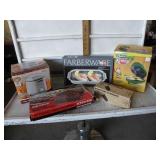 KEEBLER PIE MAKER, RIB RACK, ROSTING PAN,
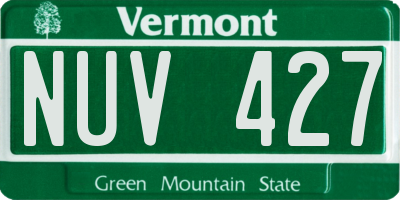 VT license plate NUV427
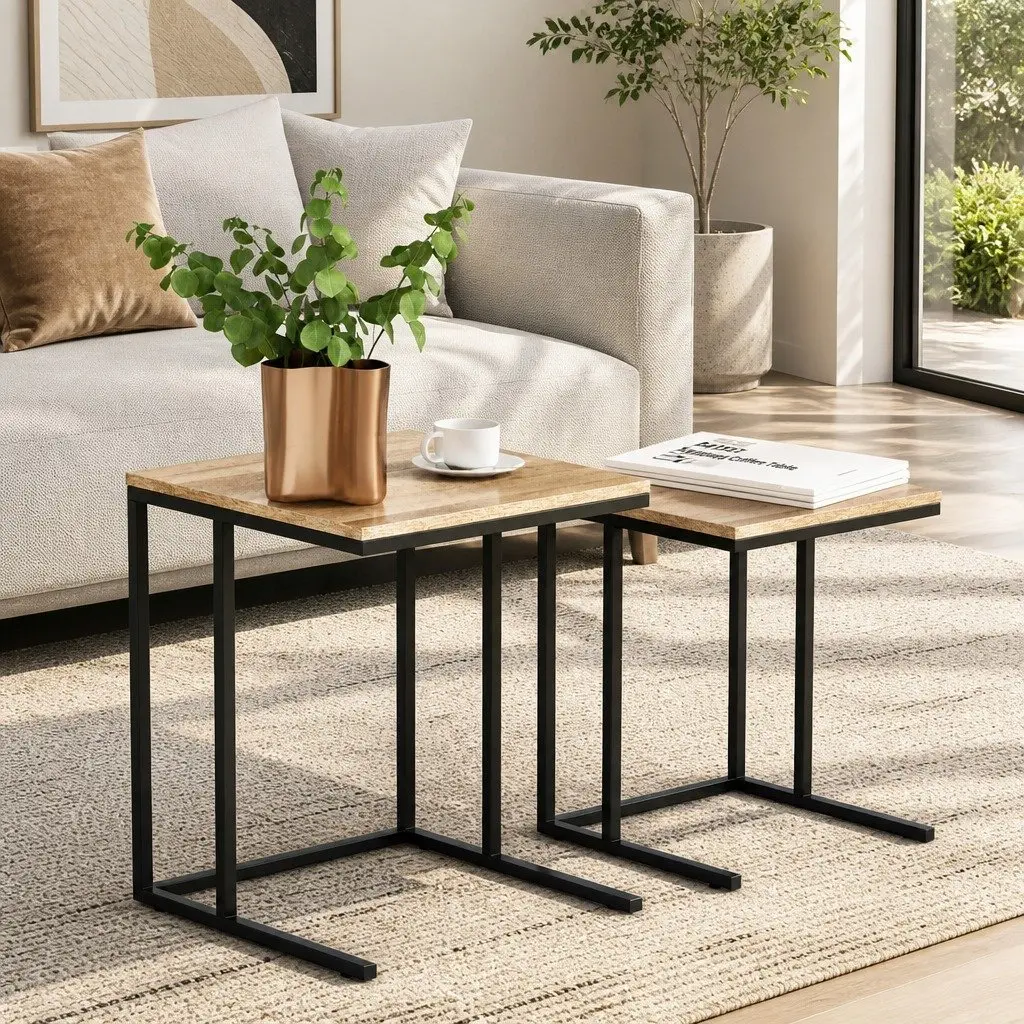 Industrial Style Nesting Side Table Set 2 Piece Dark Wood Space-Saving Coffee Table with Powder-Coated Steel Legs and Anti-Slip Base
---
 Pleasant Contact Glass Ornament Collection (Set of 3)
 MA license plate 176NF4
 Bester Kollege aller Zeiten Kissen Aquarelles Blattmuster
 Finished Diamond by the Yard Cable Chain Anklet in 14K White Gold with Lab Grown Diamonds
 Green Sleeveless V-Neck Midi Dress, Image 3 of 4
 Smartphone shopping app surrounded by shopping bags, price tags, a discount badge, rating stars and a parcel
==
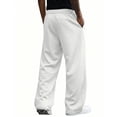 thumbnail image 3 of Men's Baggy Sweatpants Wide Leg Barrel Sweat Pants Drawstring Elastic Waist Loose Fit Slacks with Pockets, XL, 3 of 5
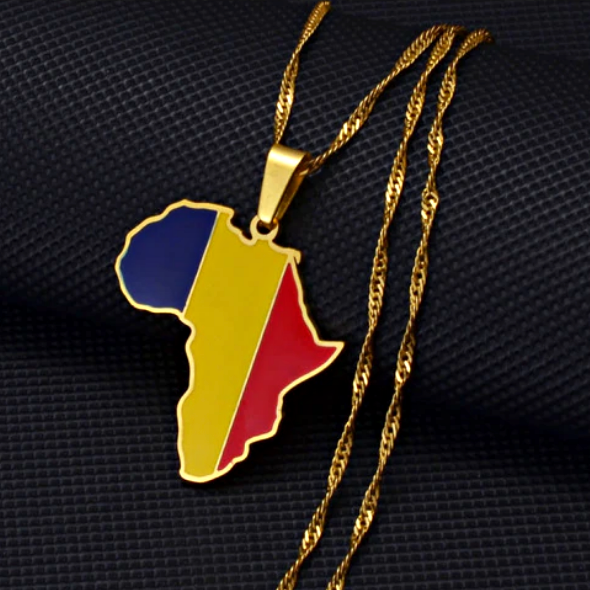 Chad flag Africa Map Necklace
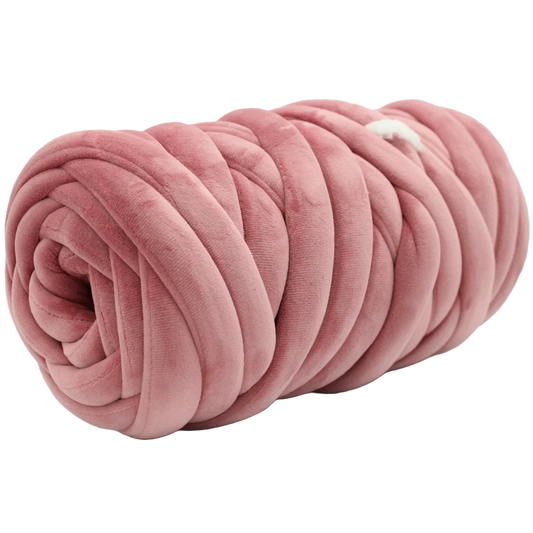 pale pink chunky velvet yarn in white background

* _Exercise_
From the data above, return only the lines starting at the line that holds "Chad flag Africa Map Necklace" and ending at the line that holds "pale pink chunky", word for word and without pictures.

* _Your response_
 Chad flag Africa Map Necklace
 pale pink chunky velvet yarn in white background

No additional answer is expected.